Mit dem Durchsetzen der "Monistik" würde die Verantwortung für die flächendeckende und umfassende Gesundheitsversorgung vollständig von der Politik auf die Krankenkassen übergehen. Man hofft, sich damit das lästiger werdende Zukunftsthema vom Hals zu schaffen. Das "Globalbudget" würde die bisherige Deckelung der einzelnen Krankenhäuser ablösen. Die Klinikmanager stöhnen zwar unter der bisherigen Praxis. Denn die Kassen lassen sich trotz steigender Fallzahlen kaum Zuwächse für das einzelne Haus abhandeln. Doch wenn die vielen kleinen Budgets plötzlich aufgehoben würden, wenn alle Krankenhäuser für den Verteilungskampf um die eigene Portion aus dem globalen großen Finanztopf mobilisieren würden, wenn die Kassen dabei den Schiedsrichter machten, dann gäbe es mindestens so viele Verlierer wie Gewinner.
Drei weitere Teilprojekte der Gesundheitsreform, so plant es die frustrierte Gesundheitsminsterin jetzt, sollen mit der einfachen Regierungsmacht umsetzbar sein. Zunächst die Verzahnung der ambulanten und stationären Versorgung. Hierdurch will man Doppeldiagnostik und Hotelleistungen der Krankenhäuser einsparen. Das klingt nach gesundem Menschenverstand - und wird wohl wieder mal danebentreffen. Denn das Leistungsspektrum und seine Kosten werden aus den stationären in den ambulanten Bereich nur verlagert, weg von den zumindest vordergründig gemeinnützigen Krankenhäusern und hin zu den durchaus eigennützigen niedergelassenen Ärzten. Und die haben sich schon mit dem ambulanten Operieren weite Verdienstfelder erschlossen.
Zum zweiten werden zahlreiche neue Fallpauschalen definiert werden. Seit drei Jahren bestehen etliche Pauschalen für chirurgische und orthopädische Standardverfahren: Ein neues Hüftgelenk bringt da 10.667 DM und 4 Pfennige, unabhängig davon, wie viele Wochen die Patientin danach noch auf Station gepflegt wird oder ob es Komplikationen gibt. Auch dies führt nicht unbedingt zu gesundem Sparen: Für den mit modernster "Schlüssellochtechnik" entfernten Blinddarm gibt es knapp 4000 DM; für das in der Hälfte der Fälle genauso erfolgreiche konservative Zuwarten bei der Blinddarmreizung mit einem Eisbeutel und Beobachtung gäbe es jedoch nur den normalen Tagessatz. Über ähnliche Fehlsteuerungen berichteten wir zu Beginn aus Großbritannien.
Zum dritten die Qualitätssicherung. Die einzige nennenswerte Qualitätsmaßnahme im Gesundheitswesen war das Verfahren zur Pflegepersonalbemessung PPR, das Fischers Vorgänger Seehofer unter dem Eindruck des Pflegenotstands 1992 durchsetzte. Da wurden die verordneten Behandlungen der Ärzte nach dem dafür notwendigen Pflegeaufwand bewertet und dokumentiert. Am Jahresende mussten die Kassen tiefer in die Tasche greifen, um die Personalschlüssel um zehntausende Stellen nachzubessern.
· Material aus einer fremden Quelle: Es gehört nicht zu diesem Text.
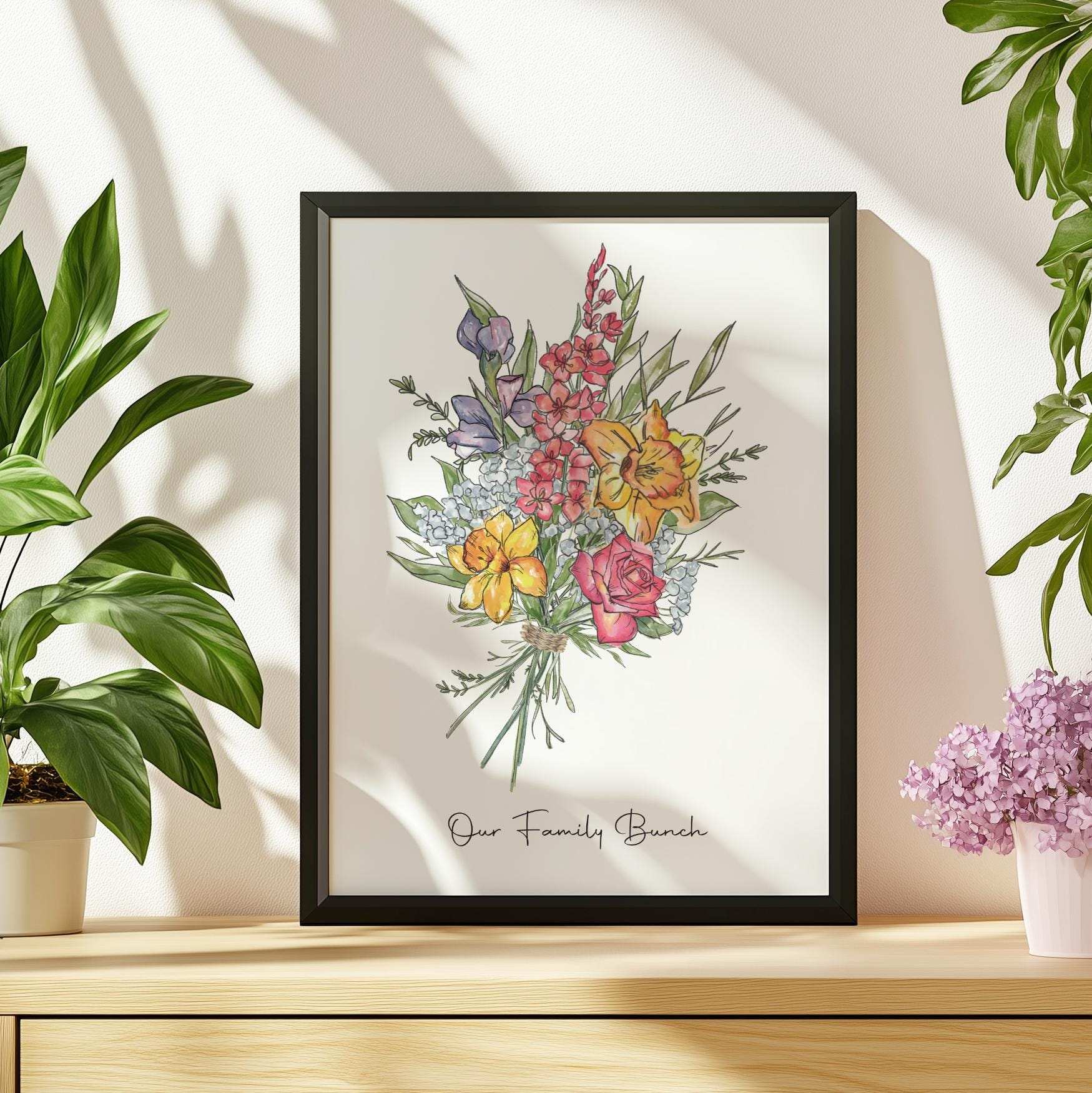 Personalised family birth month flower print featuring a custom watercolour bouquet and family name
Doch schon 1995, mit der Deckelung der Budgets der Krankenhäuser, wurde diese Regelung gestrichen. Seitdem können die Klinikärzte notwendige Maßnahmen anordnen, für deren korrekte Durchführung auf den Stationen das Pflegepersonal fehlt.
Es gibt bisher keinerlei Anzeichen, das aus dem Bundesministerium diesmal ähnlich einschneidende Impulse kommen werden. Denn wenn in den wirtschaftlichen Randzonen Deutschlands die Qualität der Krankenversorgung verfällt, wenn die Wartelisten anwachsen, wenn Kranke unversorgt bleiben, weil sich Behandeln nicht mehr "rechnet", dann wird man davon auf den Berliner Regierungsbänken gar nicht so genau wissen wollen.